Looking to our recent operational experience in Iraq and Afghanistan, we believe the most successful training teams were those fielded by the BCTs themselves, because of the depth of the relationship.  You see, both the training teams and the host nation units knew their partnership enjoyed the full backing and support of an entire BCT.  The Soldiers assigned to the training teams didn’t simply feel like orphans or that they were partnered with a BCT – they knew they were part of the BCT.  The Soldiers assigned to the training teams were committed to the mission because it was their sole mission; it was neither a temporary duty nor a secondary duty.  They knew that the success of the training team and the partner unit was their responsibility, until such time as they were relieved of those duties.  And the BCT wasn’t simply committed to the partner unit, they were committed to their own, and therefore had a sense of ownership in the success of the partner unit.  The psychological comfort provided by that sense of belonging is a tremendous advantage, to everyone concerned.  This brought a Unity of Effort to the mission.

The GCCs and the ASCCs say they want access to our junior leaders to support their security cooperation activities.  But in truth, what they are seeking is to establish military – to – military relationships.  The fact is, if all a country wants is U.S. military trainers, it can get civilian contractors with U.S. military experience through a Foreign Military Sales case with the Department of State.  And plenty of countries do just that.  It’s fast, cheap, and meets the intent.  But that isn’t a real partnership; it’s simply a transactional relationship.  A real relationship would require a U.S. military unit having a sense of ownership in the success or failure of the partner nation’s unit. 

The RAB concept is a step in the right direction insofar as it builds mil-to-mil relationships at the BCT level.  But the RAB concept ignores the most important lessons of our recent operational experience – the real value of the relationship is less a measure of the quality of the trainers and more a measure of the sense of commitment to the relationship and ownership of the mission that all concerned feel. 

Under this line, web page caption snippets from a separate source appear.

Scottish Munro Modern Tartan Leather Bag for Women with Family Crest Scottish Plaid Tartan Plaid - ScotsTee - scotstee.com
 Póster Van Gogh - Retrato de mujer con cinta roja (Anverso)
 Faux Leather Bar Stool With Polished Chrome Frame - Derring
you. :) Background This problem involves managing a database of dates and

We believe the Army should build an organizational structure that provides a BCT with a dedicated capability of high-quality junior leaders available as trainers.  The junior leader who knows his primary responsibility is to train and partner with foreign troops has a far different perspective than the junior leader who views an opportunity to train with foreign nationals as a two-week distraction from their normal duties.  Both may be equally committed to providing professional training.  But only one would have the sense that someday he may be fighting alongside that foreign national.  That is where the difference in commitment to the relationship becomes apparent.  And in case you were wondering, Department of State-funded civilian contractors are under no illusion whatsoever that they will ever fight alongside the foreign nationals they are training. 

 

C.  The individual Soldier – the officer, noncommissioned officer, and enlisted.  The individual Soldier has a simple requirement – to know that they are being taken care of in the here and now, as well as in preparation for what comes next.  And training is the single best means of convincing an individual Soldier that you are taking care of them.  But to truly be convincing, that training must be relevant, properly resourced, professionally conducted, measured against demanding, realistic standards, and valued by the entire chain of command as the best use of a Soldier’s time.  

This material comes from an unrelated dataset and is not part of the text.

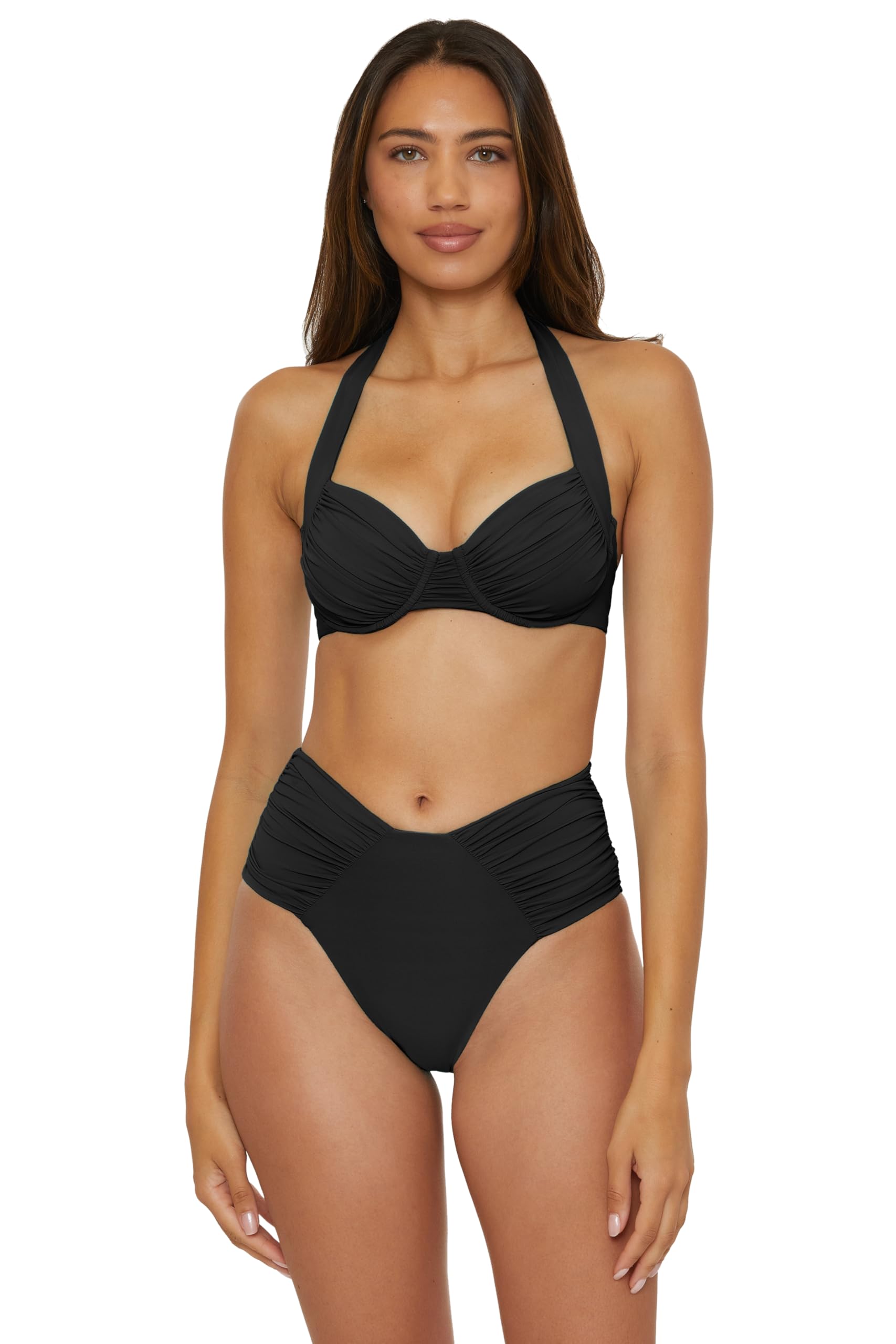 BECCA Women’s Standard Color Code Shirred Underwire Bikini Top, Adjustable, Tie Back, Swimwear Separates, Black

The individual Soldier knows the importance of training and education; but we often present a false dichotomy – the idea that training is something that happens in a unit, while education is something that happens in a schoolhouse.  The truth is that education is simply a fancy word for learning, and learning never stops; we believe that the emphasis on continued learning is never more important than when you are actually leading troops in the field.     

But just as the individual Soldier needs to know that training – and learning – is valued, they also need to know that trainers are valued.  Over the past decade, to meet the personnel requirements generated by the growth in BCTs, the Army drew many of its Soldiers out of the schoolhouses; and junior leaders were kept in the BCTs for longer tours than in the recent past.  While necessary, this has sent a not-too subtle message: time in the schoolhouse isn’t valued as much as time in a deployable unit. 

How do you square this circle: build in time for junior leaders assigned to a BCT to truly study – and learn – their tradecraft; and to demonstrate how much the Army values its trainers, without degrading the capability of the BCT?  We believe that our organizational solution – to augment each BCT with an organic ‘cadre’ structure – helps resolve this conundrum.    

 

The Organizational Solution:  A ‘cadre’ structure organic to each BCT.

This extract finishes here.